- [What you will do]:
Write out, word for word, each line from the start of the entries through the one holding "Prêt A Porter Elegant Pants 7/8 Beige"; omit the pictures.

- [Supplied material]:
++++++++++++++++++++
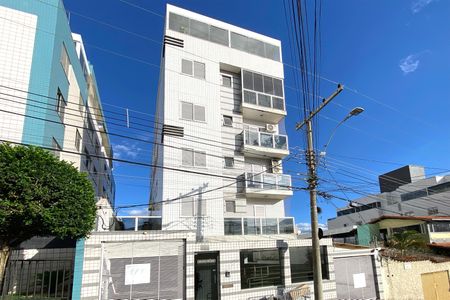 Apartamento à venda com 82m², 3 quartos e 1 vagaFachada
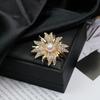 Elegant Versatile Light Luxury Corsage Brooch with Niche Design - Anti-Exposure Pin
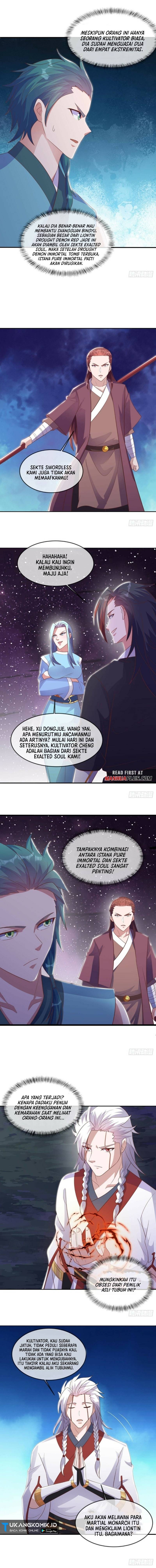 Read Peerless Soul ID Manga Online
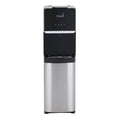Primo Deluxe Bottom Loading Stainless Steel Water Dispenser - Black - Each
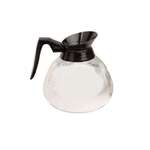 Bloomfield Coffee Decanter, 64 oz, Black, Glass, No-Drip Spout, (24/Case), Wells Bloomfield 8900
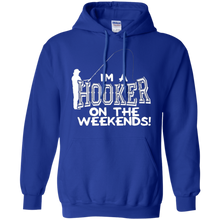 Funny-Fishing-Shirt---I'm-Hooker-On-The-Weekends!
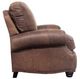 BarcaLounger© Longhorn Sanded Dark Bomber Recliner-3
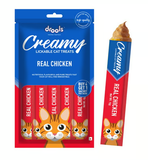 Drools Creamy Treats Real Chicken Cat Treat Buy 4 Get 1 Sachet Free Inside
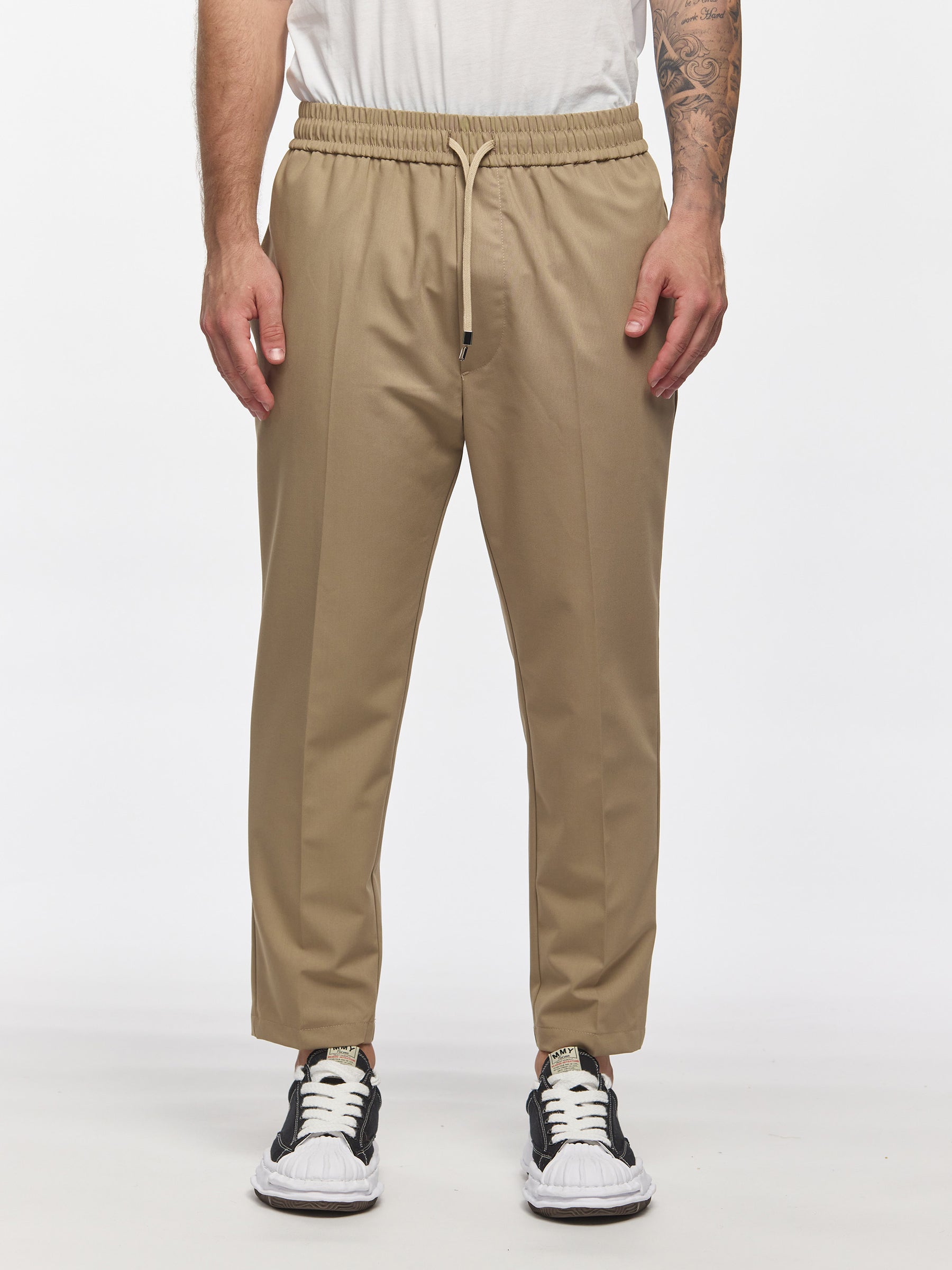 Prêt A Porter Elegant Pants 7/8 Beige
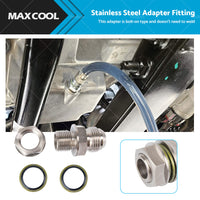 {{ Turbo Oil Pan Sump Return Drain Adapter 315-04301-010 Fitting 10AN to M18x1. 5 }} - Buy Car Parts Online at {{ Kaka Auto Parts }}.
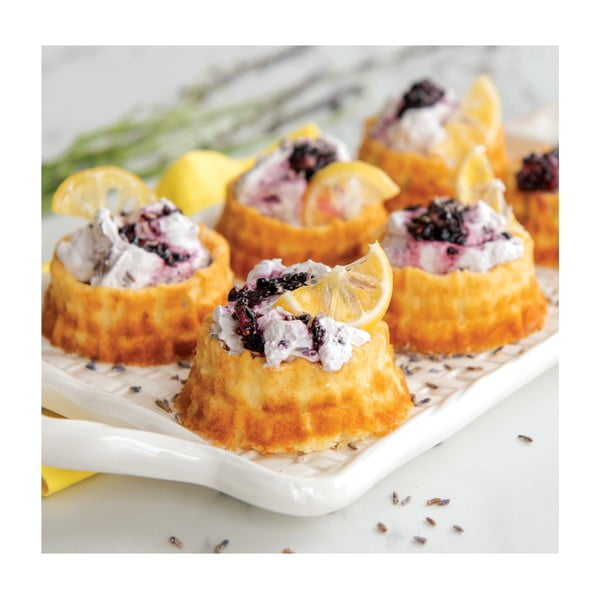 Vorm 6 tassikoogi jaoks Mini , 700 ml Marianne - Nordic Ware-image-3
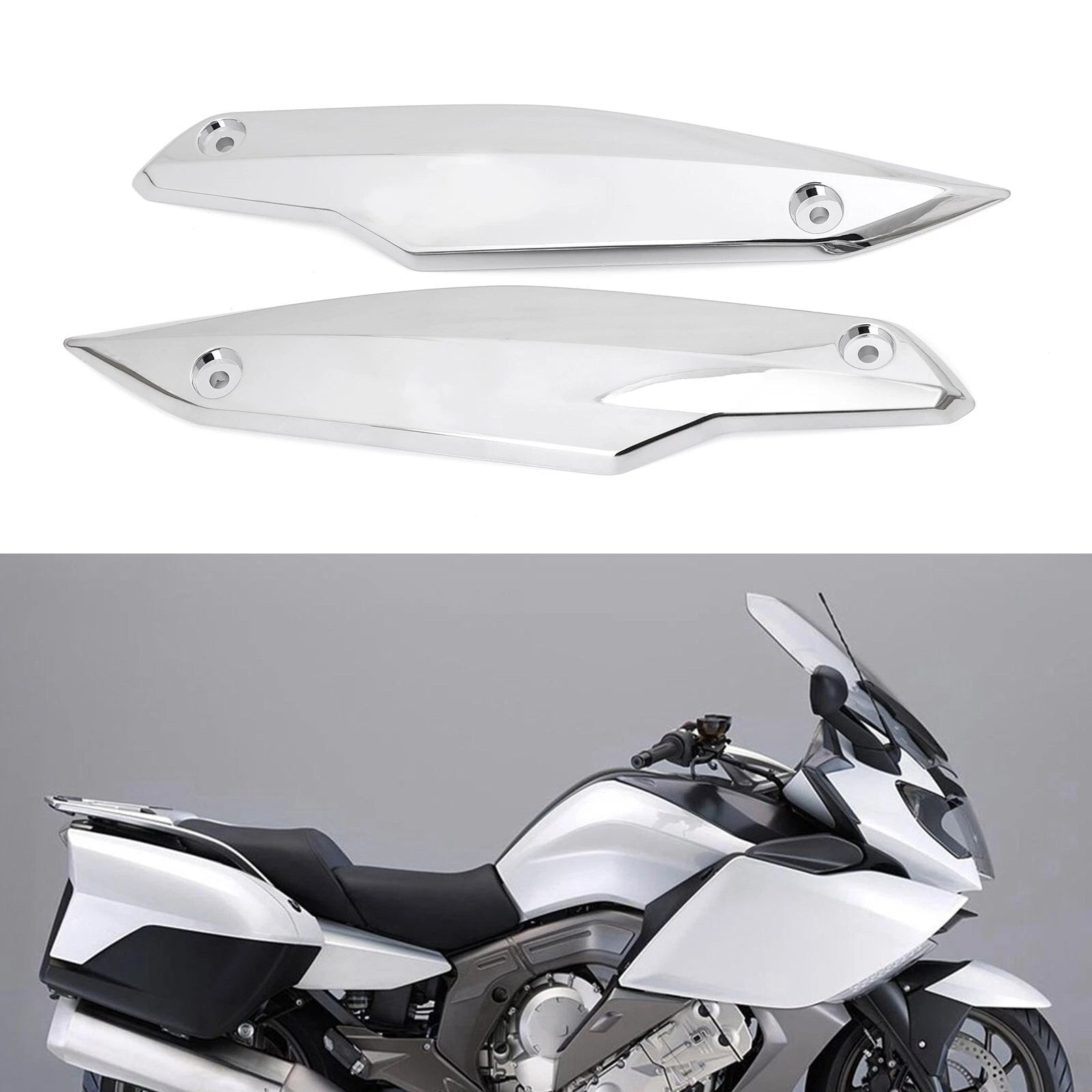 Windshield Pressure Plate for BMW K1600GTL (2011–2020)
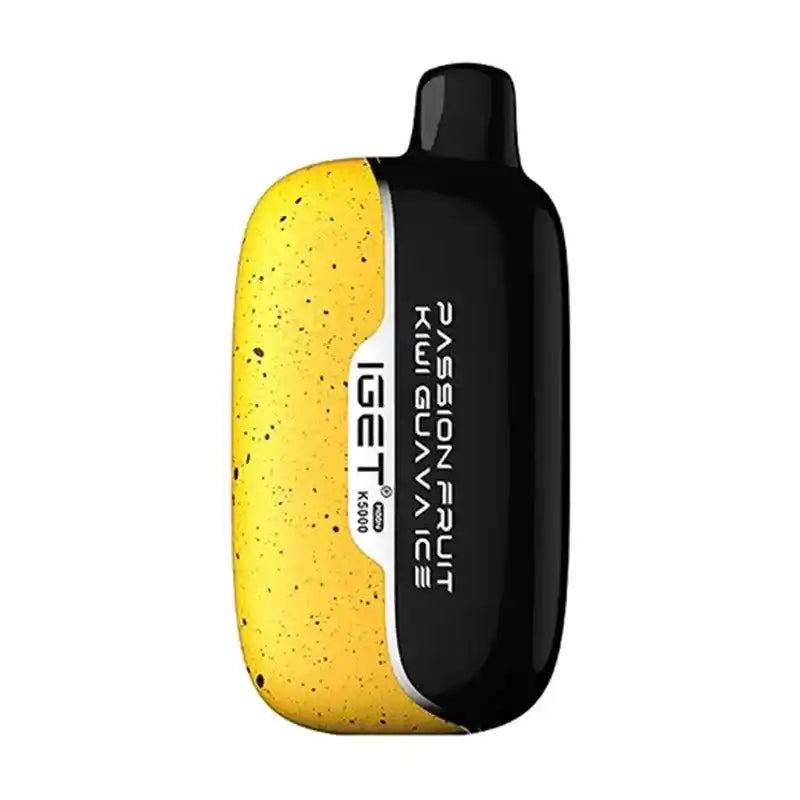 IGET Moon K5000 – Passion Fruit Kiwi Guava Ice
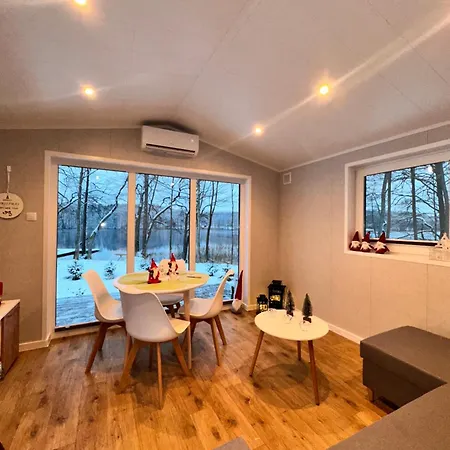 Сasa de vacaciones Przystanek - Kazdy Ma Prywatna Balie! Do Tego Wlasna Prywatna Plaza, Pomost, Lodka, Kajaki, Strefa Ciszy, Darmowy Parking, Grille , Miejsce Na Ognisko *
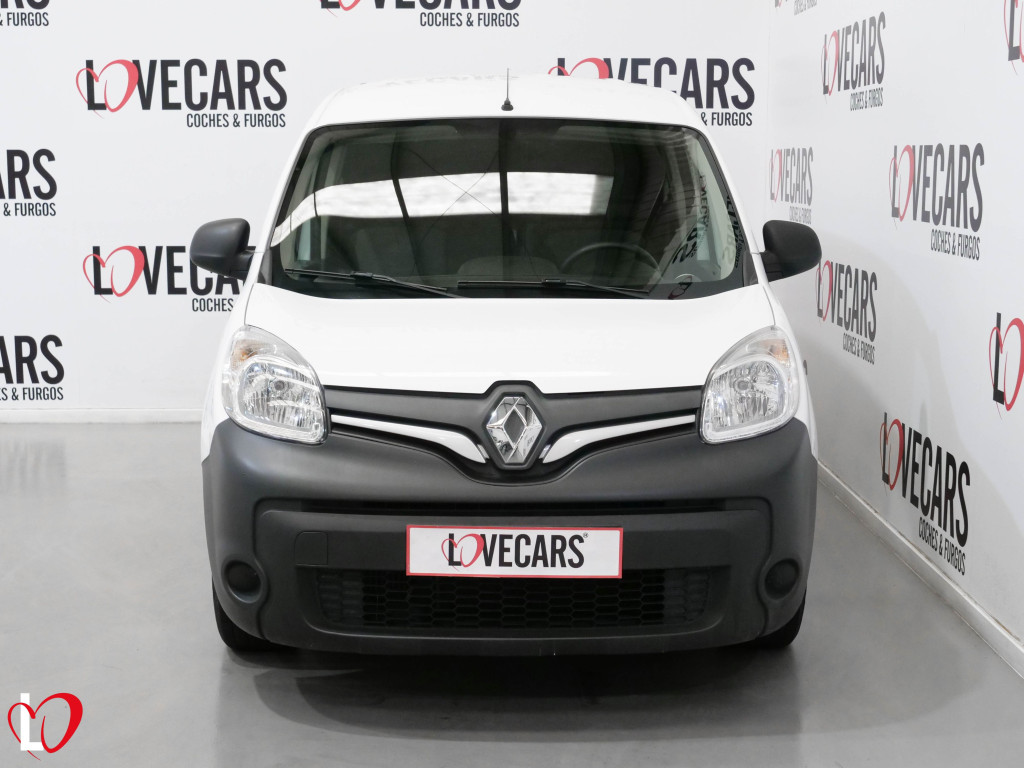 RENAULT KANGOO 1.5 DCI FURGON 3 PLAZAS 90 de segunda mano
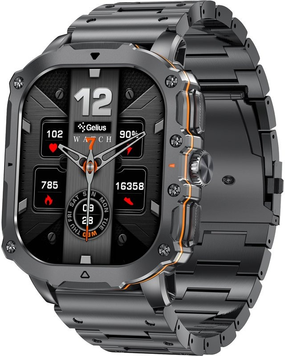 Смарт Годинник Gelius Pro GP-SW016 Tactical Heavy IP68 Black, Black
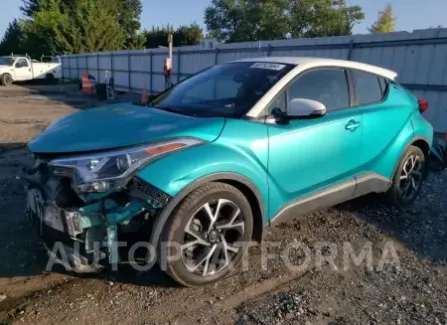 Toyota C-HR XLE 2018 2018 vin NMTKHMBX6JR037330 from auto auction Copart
++++++++++++++++++++
- [Solution below]:
 Apartamento à venda com 82m², 3 quartos e 1 vagaFachada
 Elegant Versatile Light Luxury Corsage Brooch with Niche Design - Anti-Exposure Pin
 Read Peerless Soul ID Manga Online
Primo Deluxe Bottom Loading Stainless Steel Water Dispenser - Black - Each
 Bloomfield Coffee Decanter, 64 oz, Black, Glass, No-Drip Spout, (24/Case), Wells Bloomfield 8900
 Funny-Fishing-Shirt---I'm-Hooker-On-The-Weekends!
 BarcaLounger© Longhorn Sanded Dark Bomber Recliner-3
 Drools Creamy Treats Real Chicken Cat Treat Buy 4 Get 1 Sachet Free Inside
 Prêt A Porter Elegant Pants 7/8 Beige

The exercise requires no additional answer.